Why on earth would a bandwidth provider go to the effort of providing differentiated QoS if there was no return on the investment of time and equipment? And even if they already want to provide QoS for one of their own services, they need to perform admission control, to make sure no-one shuts down voip by marking huge FTP transfers as high priority.

The facility-less VoIP providers are living in a bubble, and it's going to burst.
catscan 12/5/2012 | 4:09:30 AM
re: QOS Fees Could Change Everything Take a look at the European RBOCs. They togehter with equipment vendors are standardizing this QoS police. RACS in ETSI Tispan.
I recently read about Tispan at LR,
http://www.lightreading.com/do...
From my understanding the RACS ensures bandwith.

catscan
turing 12/5/2012 | 4:09:30 AM
re: QOS Fees Could Change Everything Spelurker you are so right. Did people think service providers were going to deploy diffserv and MPLS-TE for QoS, and fast reroute and other mechanisms for high reliability, and let some other virtual service provider reap the rewards of that for free?

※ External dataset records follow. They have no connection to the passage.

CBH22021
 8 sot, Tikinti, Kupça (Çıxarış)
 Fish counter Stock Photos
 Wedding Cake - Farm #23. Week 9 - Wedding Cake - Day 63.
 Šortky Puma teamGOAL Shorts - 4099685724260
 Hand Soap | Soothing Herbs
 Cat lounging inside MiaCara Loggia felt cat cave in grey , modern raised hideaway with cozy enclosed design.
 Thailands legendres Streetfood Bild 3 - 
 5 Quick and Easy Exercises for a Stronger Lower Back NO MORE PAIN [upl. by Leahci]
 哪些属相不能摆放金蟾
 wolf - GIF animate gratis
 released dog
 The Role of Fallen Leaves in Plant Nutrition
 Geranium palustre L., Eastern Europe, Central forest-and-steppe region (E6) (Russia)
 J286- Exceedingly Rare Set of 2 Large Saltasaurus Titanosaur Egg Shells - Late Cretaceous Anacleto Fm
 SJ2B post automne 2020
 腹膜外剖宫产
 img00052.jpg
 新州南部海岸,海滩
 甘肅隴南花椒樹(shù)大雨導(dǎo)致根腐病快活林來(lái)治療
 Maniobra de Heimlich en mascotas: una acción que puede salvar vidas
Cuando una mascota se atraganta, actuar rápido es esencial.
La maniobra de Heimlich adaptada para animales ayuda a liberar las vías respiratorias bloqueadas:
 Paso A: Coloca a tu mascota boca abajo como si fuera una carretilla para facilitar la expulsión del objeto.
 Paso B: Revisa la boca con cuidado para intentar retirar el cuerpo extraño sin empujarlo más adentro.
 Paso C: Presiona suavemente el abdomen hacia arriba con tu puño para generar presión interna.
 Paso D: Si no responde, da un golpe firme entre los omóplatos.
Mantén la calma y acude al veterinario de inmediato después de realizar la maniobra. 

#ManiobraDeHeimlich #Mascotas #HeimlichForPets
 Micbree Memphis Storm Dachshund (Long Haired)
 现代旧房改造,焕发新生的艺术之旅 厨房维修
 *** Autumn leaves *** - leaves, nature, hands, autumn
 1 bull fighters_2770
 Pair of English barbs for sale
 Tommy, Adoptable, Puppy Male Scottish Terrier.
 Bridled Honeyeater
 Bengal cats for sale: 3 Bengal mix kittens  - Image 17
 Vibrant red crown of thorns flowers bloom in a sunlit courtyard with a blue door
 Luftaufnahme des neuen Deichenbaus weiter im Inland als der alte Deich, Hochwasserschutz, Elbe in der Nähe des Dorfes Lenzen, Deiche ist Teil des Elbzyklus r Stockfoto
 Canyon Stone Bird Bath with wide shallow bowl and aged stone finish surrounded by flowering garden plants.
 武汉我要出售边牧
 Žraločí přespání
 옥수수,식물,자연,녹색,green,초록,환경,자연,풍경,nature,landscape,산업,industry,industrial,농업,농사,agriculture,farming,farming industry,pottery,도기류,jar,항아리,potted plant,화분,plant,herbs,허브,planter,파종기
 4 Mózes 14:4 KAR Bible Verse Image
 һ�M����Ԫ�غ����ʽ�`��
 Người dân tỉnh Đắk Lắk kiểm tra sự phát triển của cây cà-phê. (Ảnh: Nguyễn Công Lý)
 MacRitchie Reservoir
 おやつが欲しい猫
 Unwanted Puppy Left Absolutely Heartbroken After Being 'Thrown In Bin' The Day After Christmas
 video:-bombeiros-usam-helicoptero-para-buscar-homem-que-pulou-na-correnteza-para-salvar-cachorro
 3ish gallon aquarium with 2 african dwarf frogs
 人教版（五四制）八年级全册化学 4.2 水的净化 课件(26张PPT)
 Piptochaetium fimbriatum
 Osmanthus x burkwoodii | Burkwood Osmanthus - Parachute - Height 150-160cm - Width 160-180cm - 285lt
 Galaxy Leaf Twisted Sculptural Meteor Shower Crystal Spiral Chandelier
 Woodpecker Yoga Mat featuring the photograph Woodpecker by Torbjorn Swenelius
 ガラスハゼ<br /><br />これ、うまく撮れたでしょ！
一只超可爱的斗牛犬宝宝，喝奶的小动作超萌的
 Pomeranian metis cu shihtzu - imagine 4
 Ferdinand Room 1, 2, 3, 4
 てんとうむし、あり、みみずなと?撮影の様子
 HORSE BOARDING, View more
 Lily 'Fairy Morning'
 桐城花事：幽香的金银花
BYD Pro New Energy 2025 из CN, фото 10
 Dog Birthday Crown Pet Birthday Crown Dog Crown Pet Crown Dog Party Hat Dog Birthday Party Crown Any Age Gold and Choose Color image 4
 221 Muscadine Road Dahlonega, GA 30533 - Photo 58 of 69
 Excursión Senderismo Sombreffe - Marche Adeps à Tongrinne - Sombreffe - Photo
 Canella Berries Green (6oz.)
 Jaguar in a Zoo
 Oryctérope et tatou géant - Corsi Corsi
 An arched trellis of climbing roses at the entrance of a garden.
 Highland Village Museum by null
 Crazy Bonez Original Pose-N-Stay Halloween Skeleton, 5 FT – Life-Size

All this time people have been talking about Qos and such for enterprise VPNs as a good thing, and now they cry when they realize that the service providers are going to offer those enterprises QoS for their service to reach consumers instead of remaining private. (After all, what are Yahoo and Ebay if not big enterprises from BellSouth's perspective?)
TheMuffinMan 12/5/2012 | 4:09:30 AM
re: QOS Fees Could Change Everything Take a look at the European RBOCs. They togehter with equipment vendors are standardizing this QoS police. RACS in ETSI Tispan.
I recently read about Tispan at LR,
http://www.lightreading.com/do...
From my understanding the RACS ensures bandwith.


TISPAN and IMS both have admission and resource control functions - how bandwidth management is done is probably the most interesting part of how to get QoS to work in a converged network, companies like Operax (no I don't work for them) already have RACS compliant boxes, although I don't know of any operator that's yet widely deployed this kind of box.

I think this will be one of the single most important areas for operators to focus on if they want to get out of the bit transport market and find new revenue opportunities!
optoslob 12/5/2012 | 4:09:29 AM
re: QOS Fees Could Change Everything QOS is an interesting problem, I know that from every macro analysis, that I've seen, the cheapest way to ensure high quality service is to double the connection bandwidth of the overloading link. Adding QOS to an existing network, can even decrease total throughput. It is akin to paying a BW provider to create an intentional bottleneck and than bidding for priority access to the bottleneck. Just makes no sense at a macro level. ItGÇÖs time to dump any BW provider that even suggests this model.

I had hoped the MG would have something to say about walled gardens she has a certain eloquence and moral righteousness that makes the argument compelling. I think my version would sound commercially motivated and crass.

The network manager / provider needs to focus on those technical metrics that make BW cheap, available and useful for an ever larger range of applications.